— The problem —
Reproduce the lines below exactly, from the one containing "Cupra Formentor 1.4" through the one containing "Un système d'établi", both included. Leave out any pictures.

— Data for analysis —
□ □ □ □ □ □ □

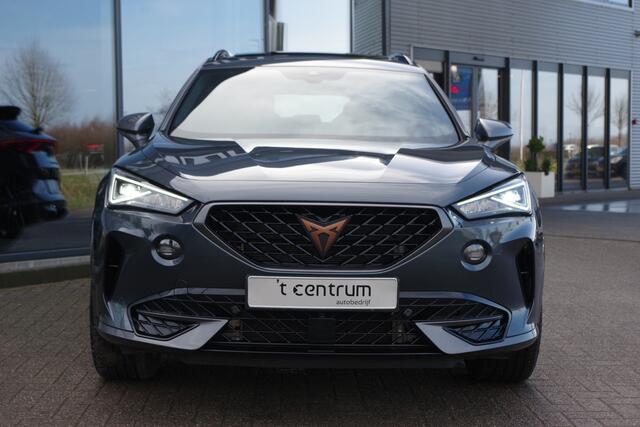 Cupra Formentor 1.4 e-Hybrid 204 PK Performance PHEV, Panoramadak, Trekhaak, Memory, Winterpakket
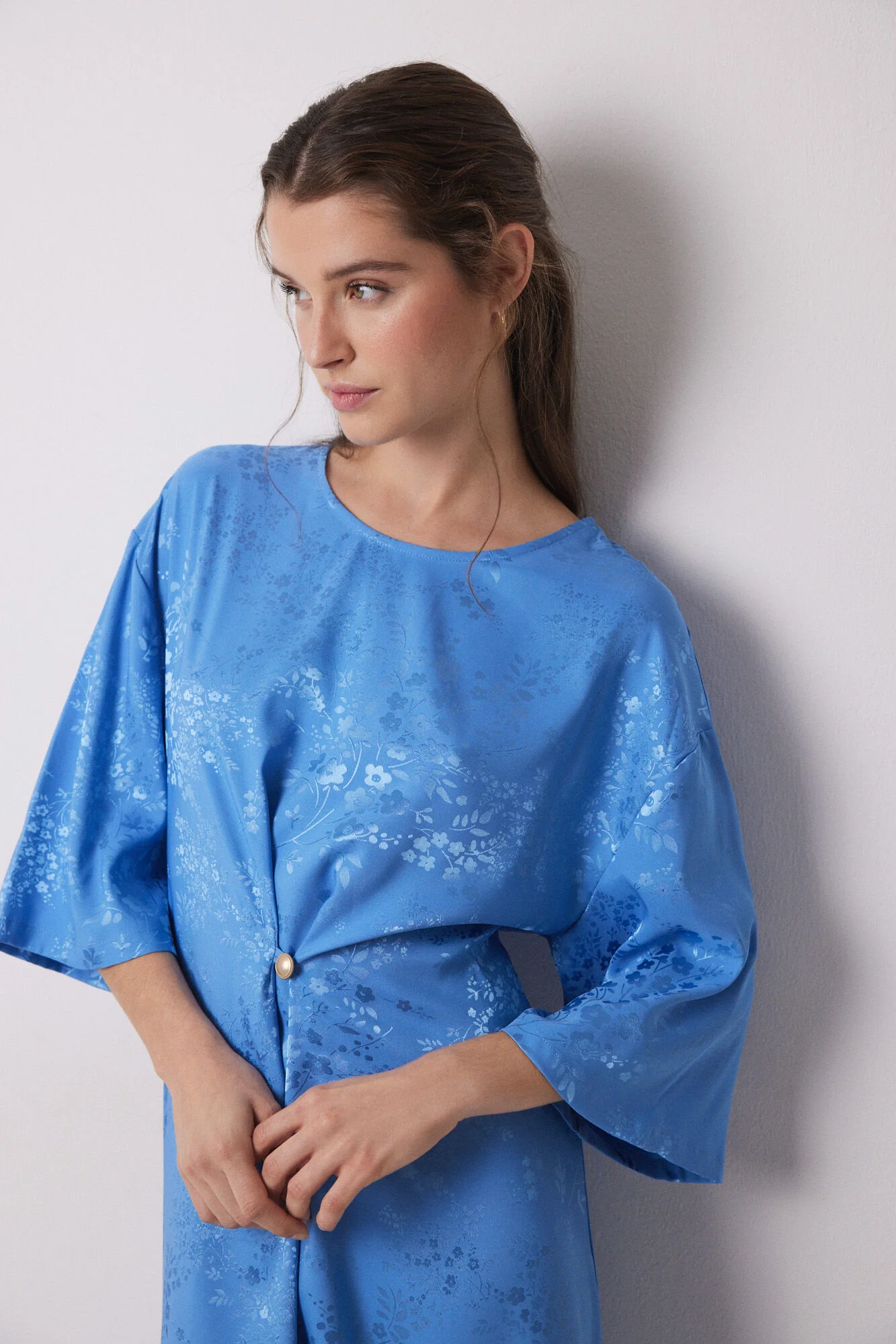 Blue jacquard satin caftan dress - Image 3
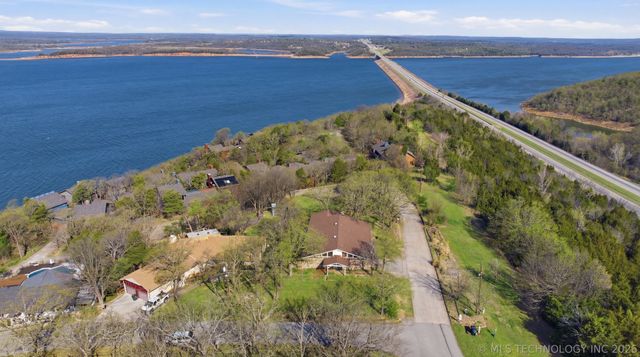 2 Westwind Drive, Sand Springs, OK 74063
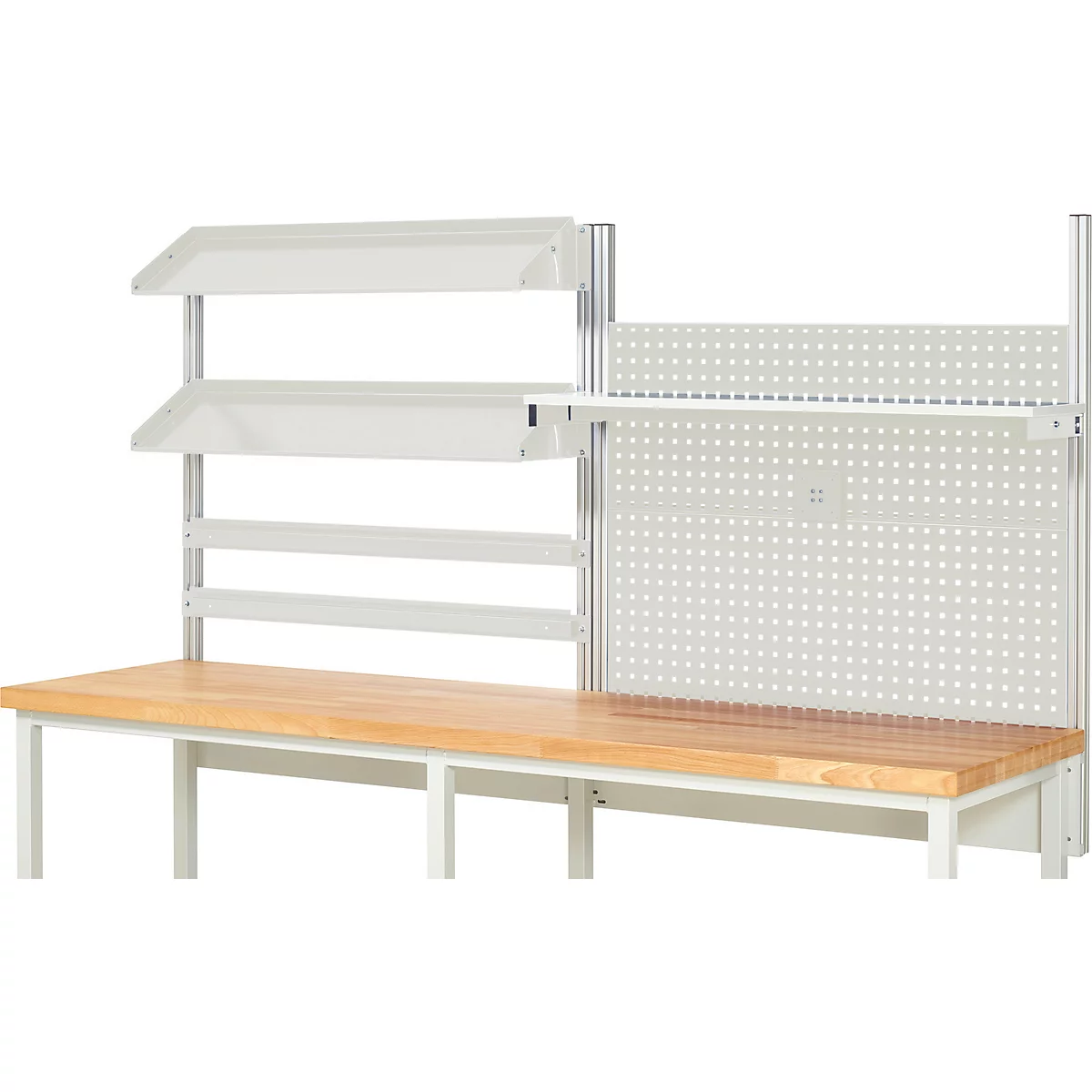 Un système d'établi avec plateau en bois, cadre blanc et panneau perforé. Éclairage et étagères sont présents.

□ □ □ □ □ □ □

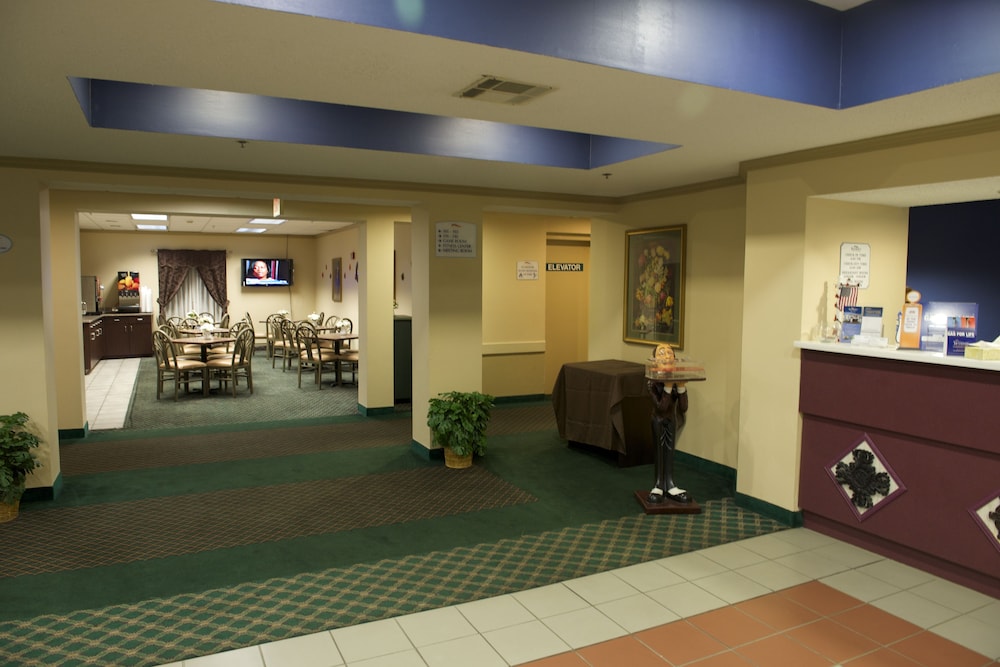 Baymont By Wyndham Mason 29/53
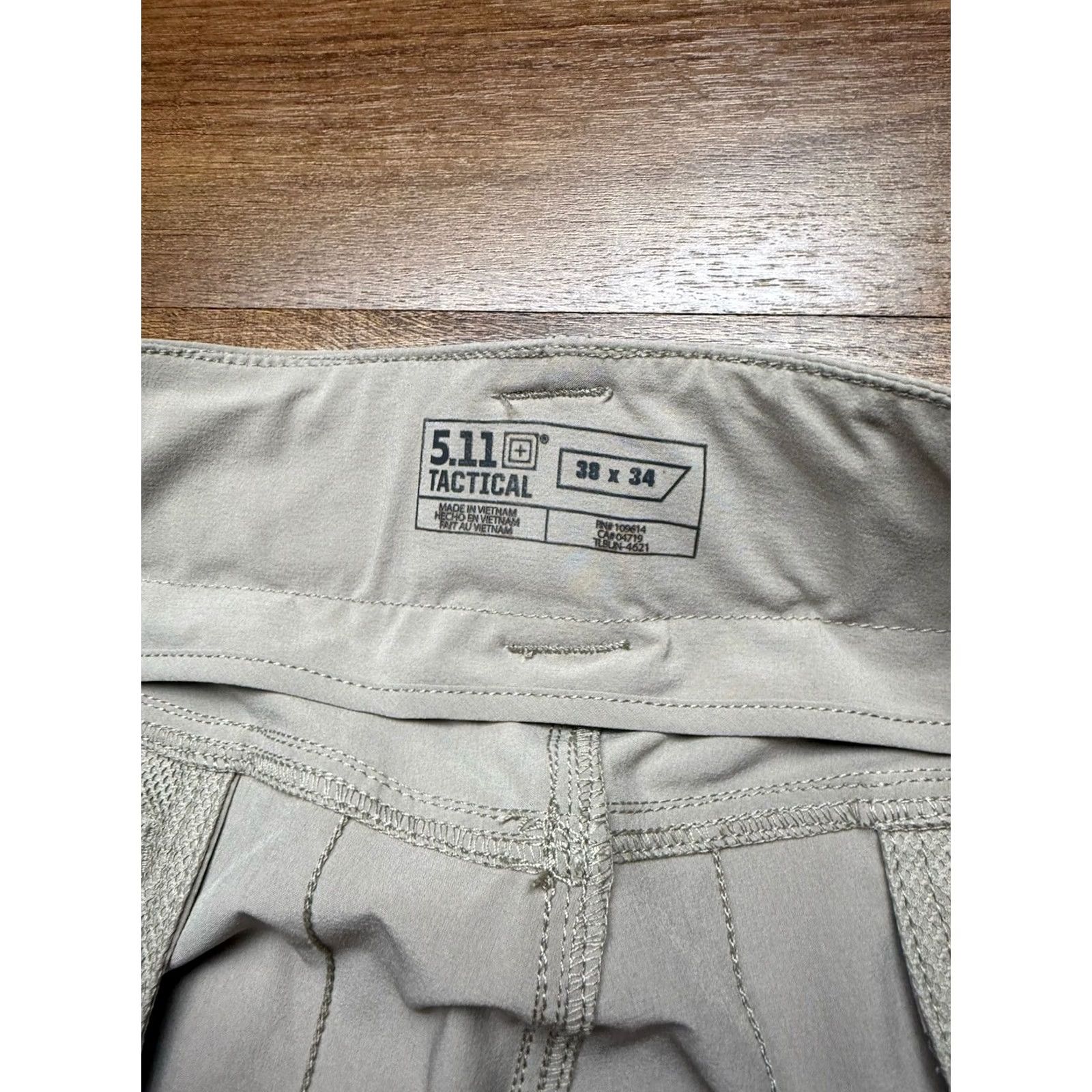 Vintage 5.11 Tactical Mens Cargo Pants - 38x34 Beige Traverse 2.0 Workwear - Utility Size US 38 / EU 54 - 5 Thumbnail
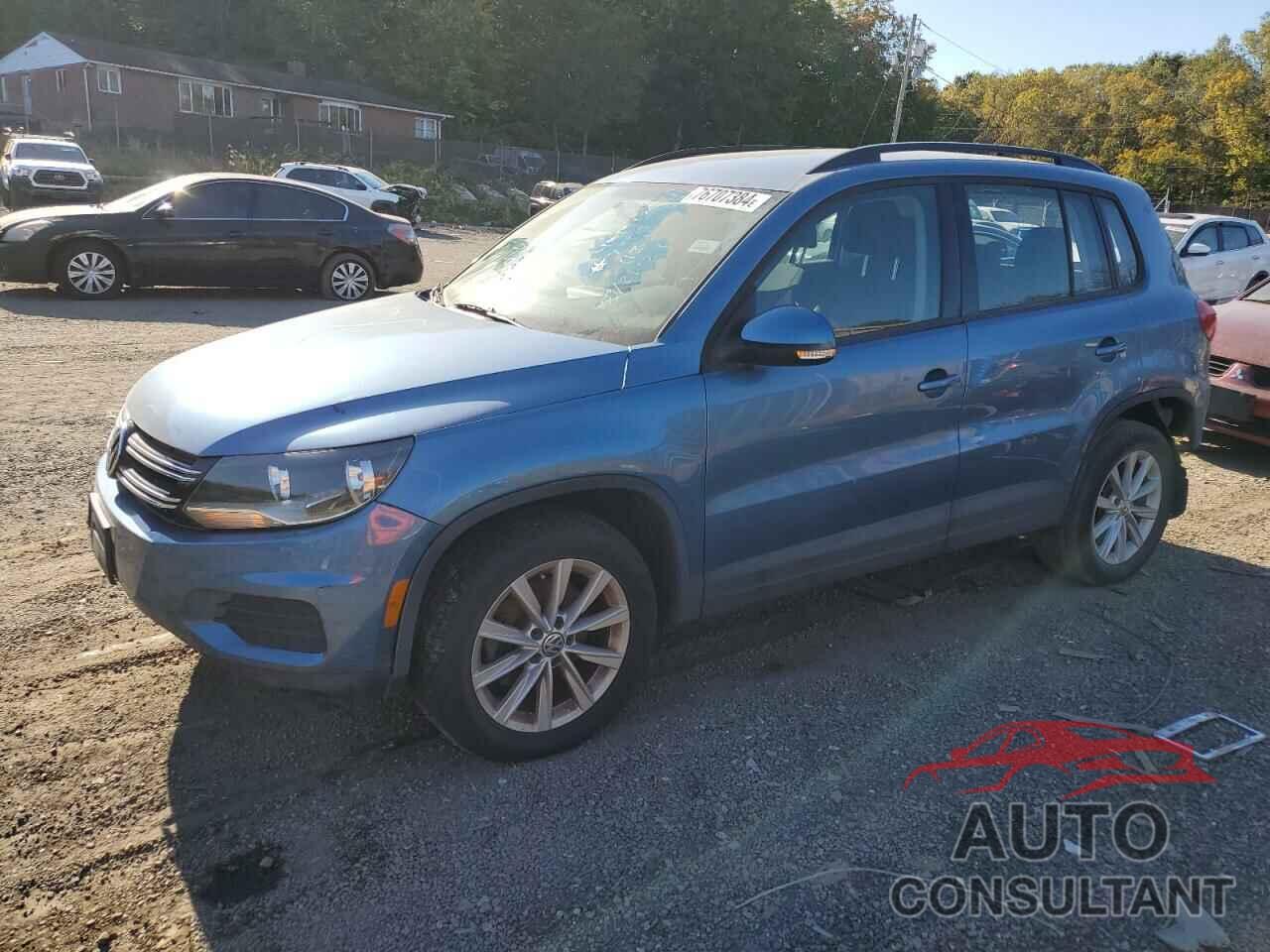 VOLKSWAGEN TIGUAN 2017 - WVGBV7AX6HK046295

□ □ □ □ □ □ □

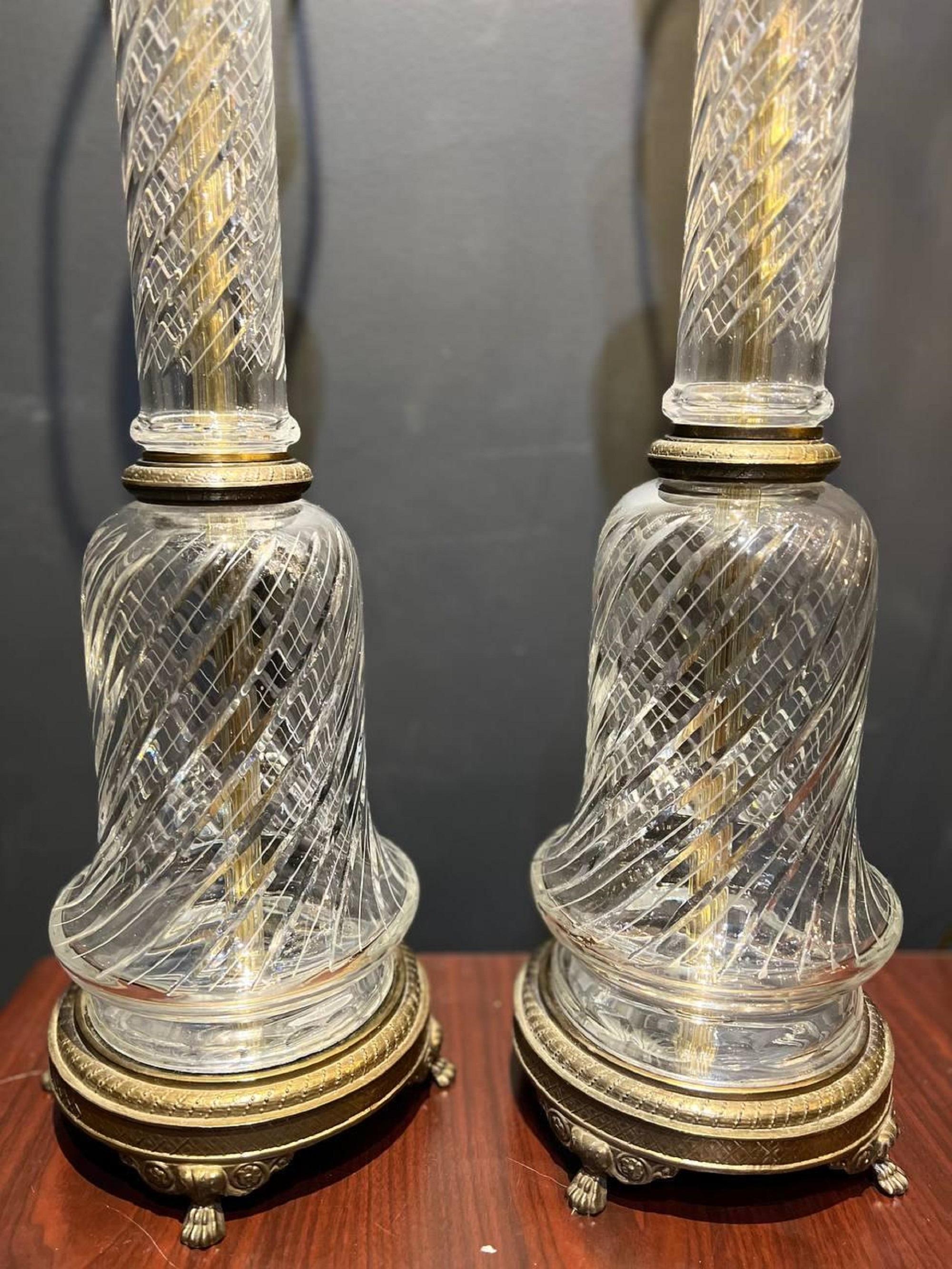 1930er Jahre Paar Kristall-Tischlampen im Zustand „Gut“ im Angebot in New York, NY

□ □ □ □ □ □ □

— Task response —
 Cupra Formentor 1.4 e-Hybrid 204 PK Performance PHEV, Panoramadak, Trekhaak, Memory, Winterpakket
 Blue jacquard satin caftan dress - Image 3
 2 Westwind Drive, Sand Springs, OK 74063
 Un système d'établi avec plateau en bois, cadre blanc et panneau perforé. Éclairage et étagères sont présents.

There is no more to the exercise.